TASK :: Output each line exactly as written, from the first line of the records to the line bearing "Sometimes the position", inclusive, while leaving every picture out.

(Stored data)
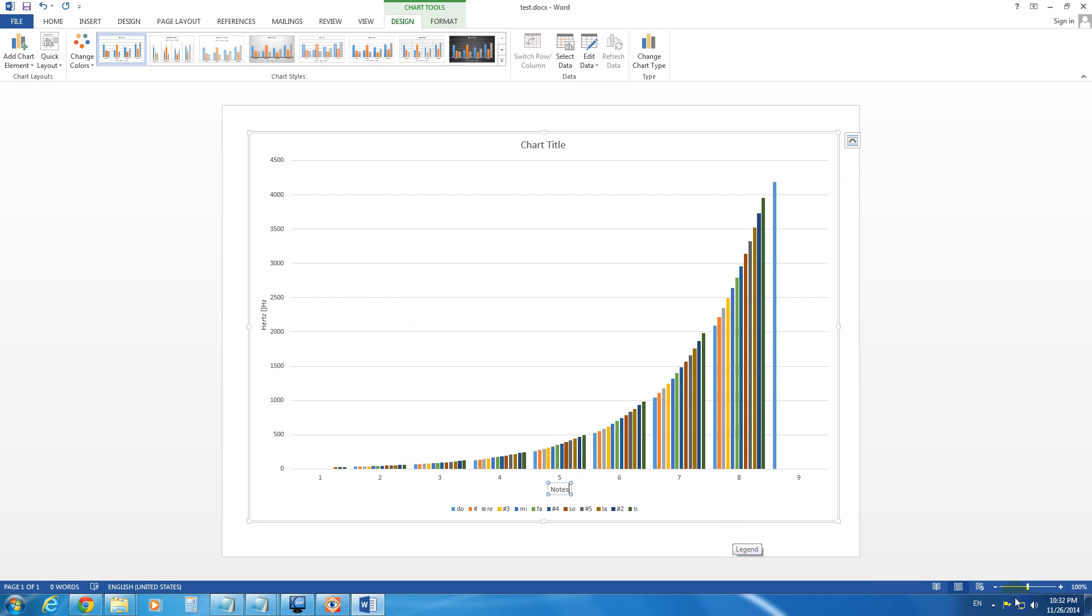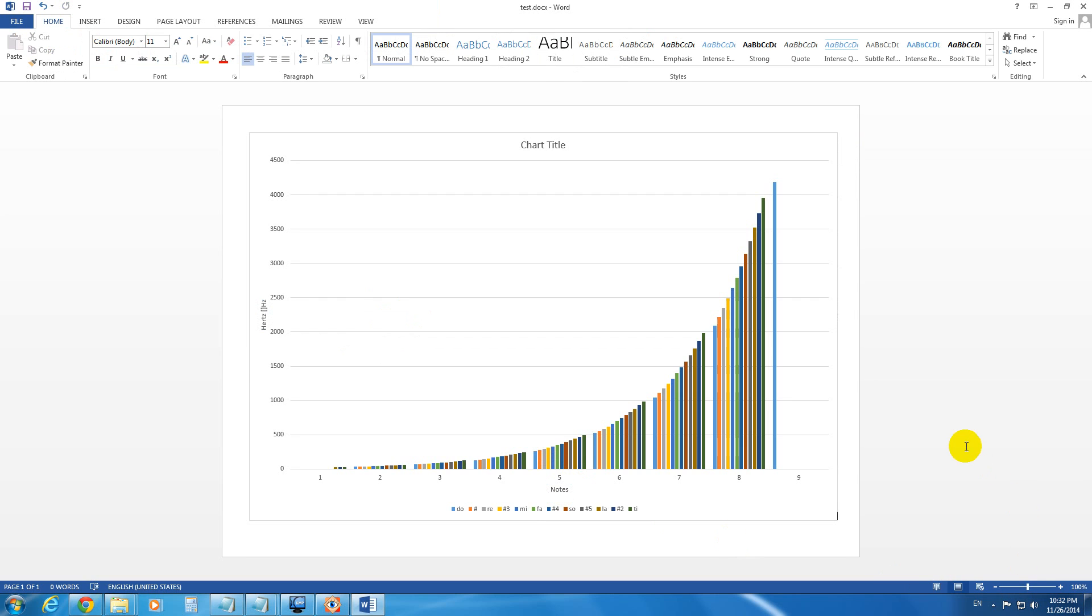And that's it. You just added the Horizontal Title and the Vertical Title to a chart in Microsoft Word 2013. That's it. Thanks for watching. Bye-bye.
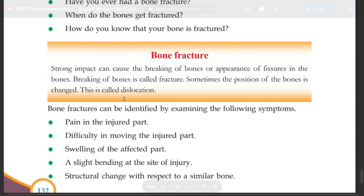Sometimes the position of the bones changes. This is called dislocation.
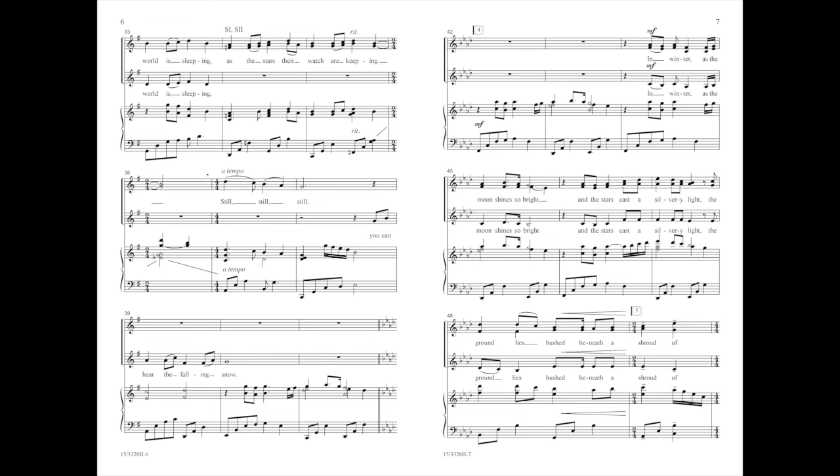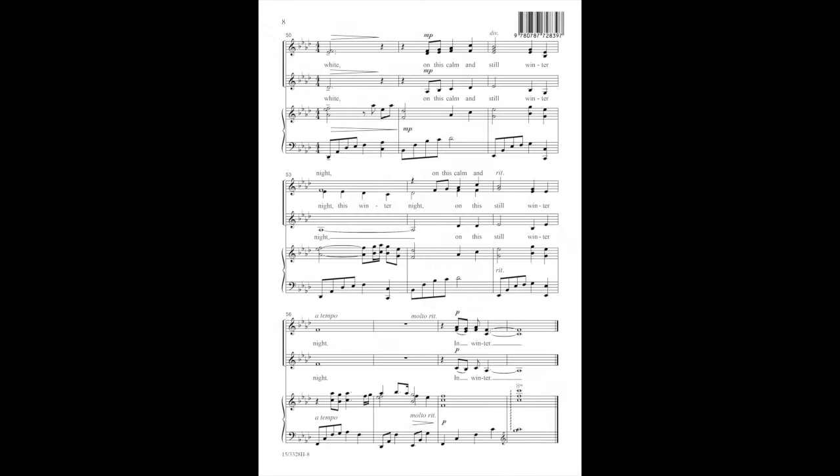In winter as the moon shines so bright, and the stars cast a silvery light, the ground lies ashen beneath the shroud of white, on this calm and still winter night.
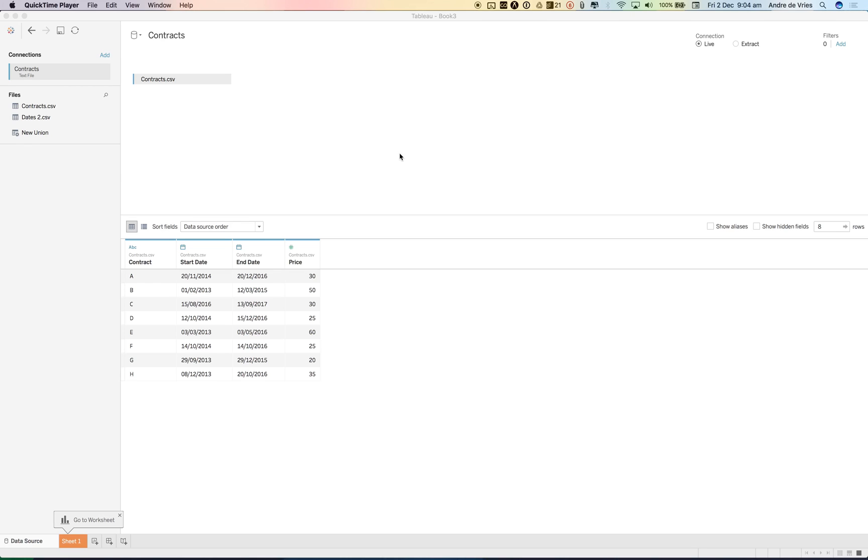Have a look at one of the new features in Tableau 10.2. The Tableau 10.2 beta was released this morning and I thought it would be a good idea to have a look at some of the new features.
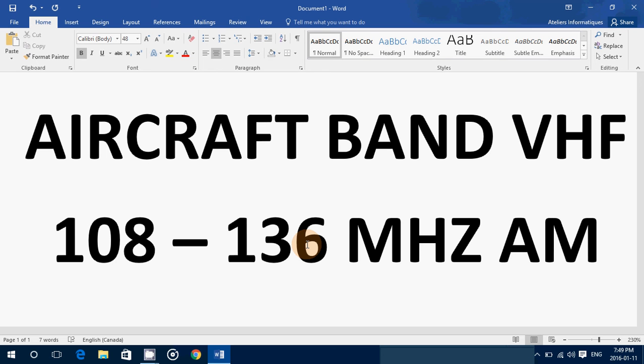108 to 136 megahertz is a nice place to scan on your scanner, on your portable VHF receiver. Even if you don't live in a city, you'll be surprised what you can hear.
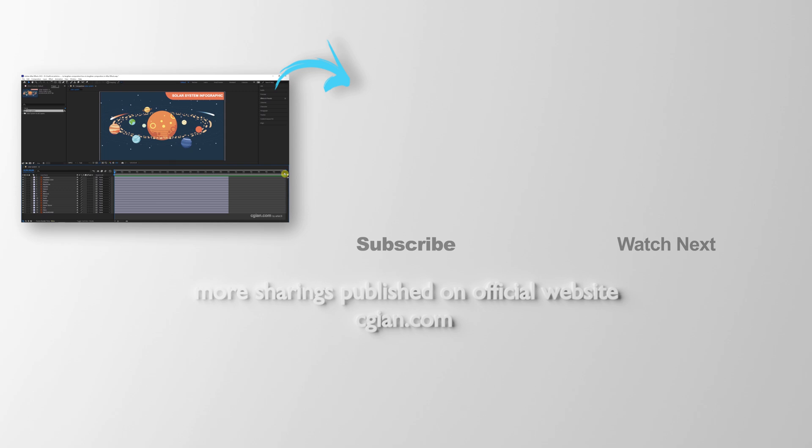Please subscribe to this channel. More videos will be shared with you. I am Martin Speed. See you in the next video. Bye-bye.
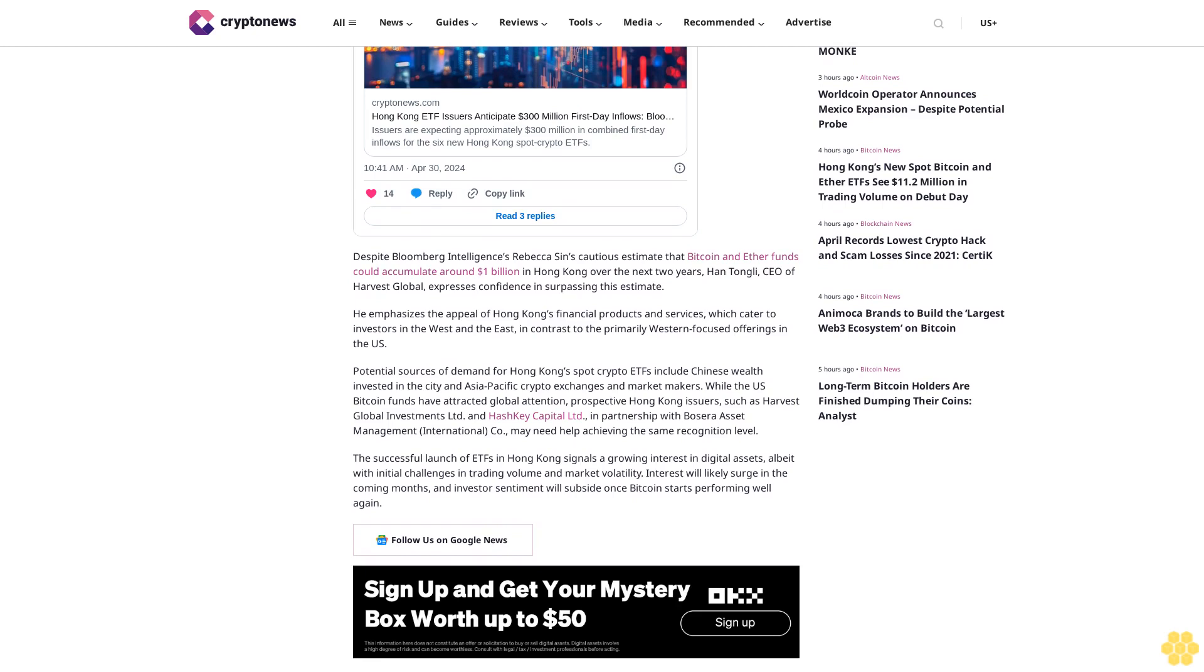Potential sources of demand for Hong Kong spot crypto ETFs include Chinese wealth invested in the city and Asia-Pacific crypto exchanges and market makers. While the U.S. Bitcoin funds have attracted global attention, prospective Hong Kong issuers such as Harvest Global Investments and HashKey Capital, in partnership with Bosera Asset Management International, may need help achieving the same recognition level.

EXERCISE RESPONSE ::
And that's it. You just added the Horizontal Title and the Vertical Title to a chart in Microsoft Word 2013. That's it. Thanks for watching. Bye-bye.
Sometimes the position of the bones changes. This is called dislocation.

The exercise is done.